==== ENTRIES SUPPLIED
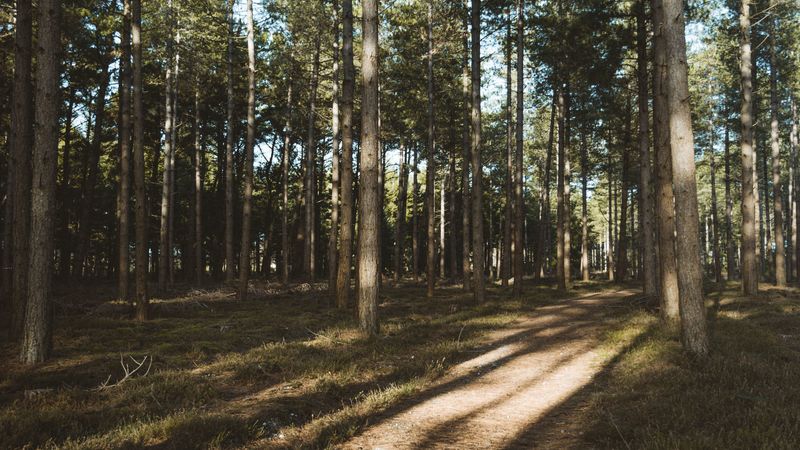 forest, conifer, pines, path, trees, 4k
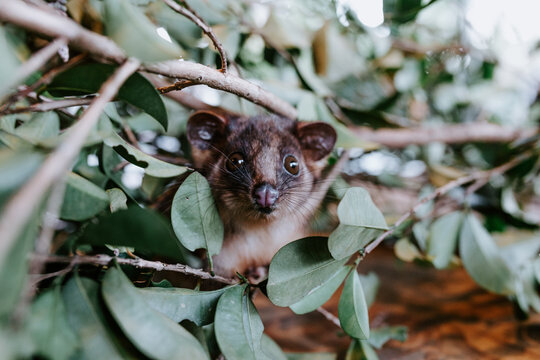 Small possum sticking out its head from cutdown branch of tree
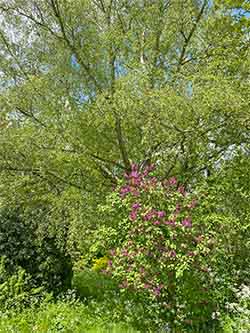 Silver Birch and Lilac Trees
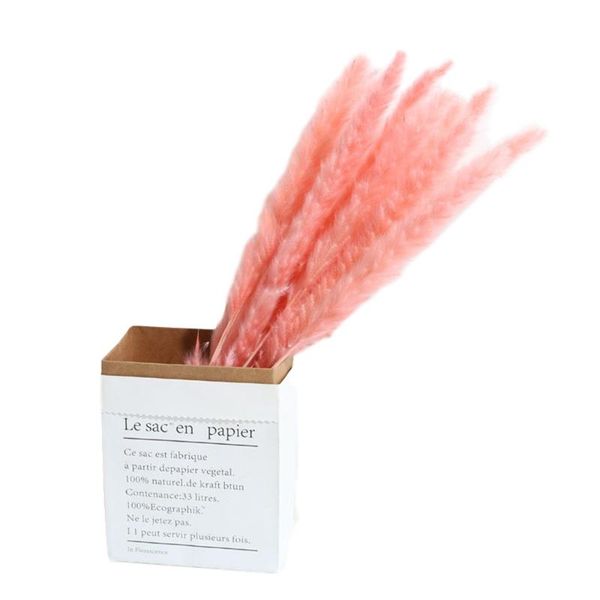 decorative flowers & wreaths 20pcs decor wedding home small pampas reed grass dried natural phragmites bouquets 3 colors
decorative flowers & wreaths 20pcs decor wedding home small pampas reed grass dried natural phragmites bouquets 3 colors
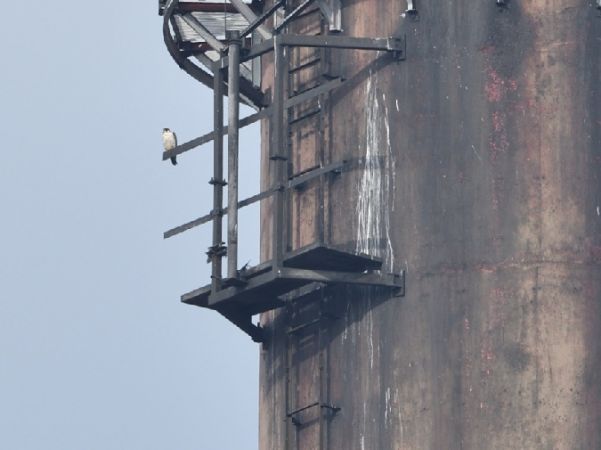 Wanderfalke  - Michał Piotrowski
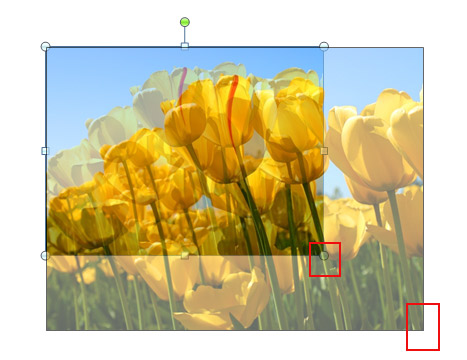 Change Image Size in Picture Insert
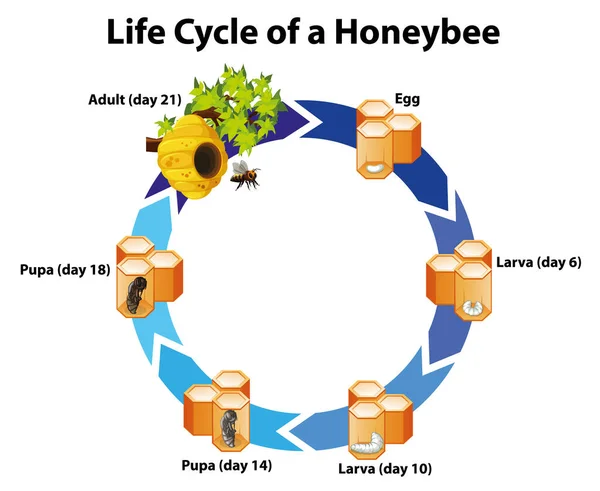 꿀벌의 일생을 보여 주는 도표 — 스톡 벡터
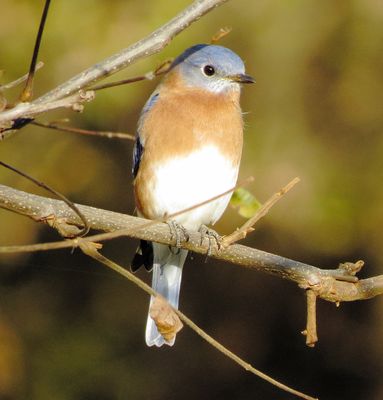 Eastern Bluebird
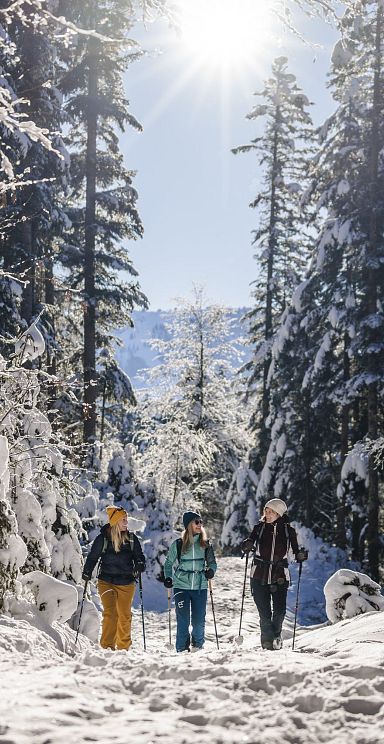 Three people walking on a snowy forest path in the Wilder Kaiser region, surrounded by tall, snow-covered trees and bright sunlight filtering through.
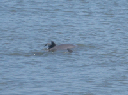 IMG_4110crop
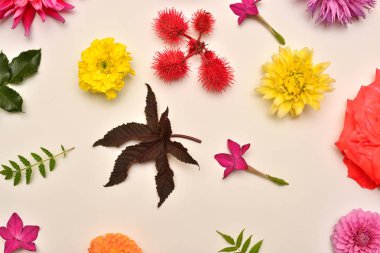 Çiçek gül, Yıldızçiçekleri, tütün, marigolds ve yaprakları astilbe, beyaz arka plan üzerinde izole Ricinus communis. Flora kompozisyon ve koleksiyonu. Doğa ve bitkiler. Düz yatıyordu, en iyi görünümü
========
● THE PROBLEM
Copy word for word the lines above, starting at the line containing "- Michał Piotrowski" and ending at the line containing "IMG_4110crop", inclusive, with no pictures.

● ANSWER TO THE EXERCISE
 Wanderfalke  - Michał Piotrowski
 Change Image Size in Picture Insert
 꿀벌의 일생을 보여 주는 도표 — 스톡 벡터
 Eastern Bluebird
 Three people walking on a snowy forest path in the Wilder Kaiser region, surrounded by tall, snow-covered trees and bright sunlight filtering through.
 IMG_4110crop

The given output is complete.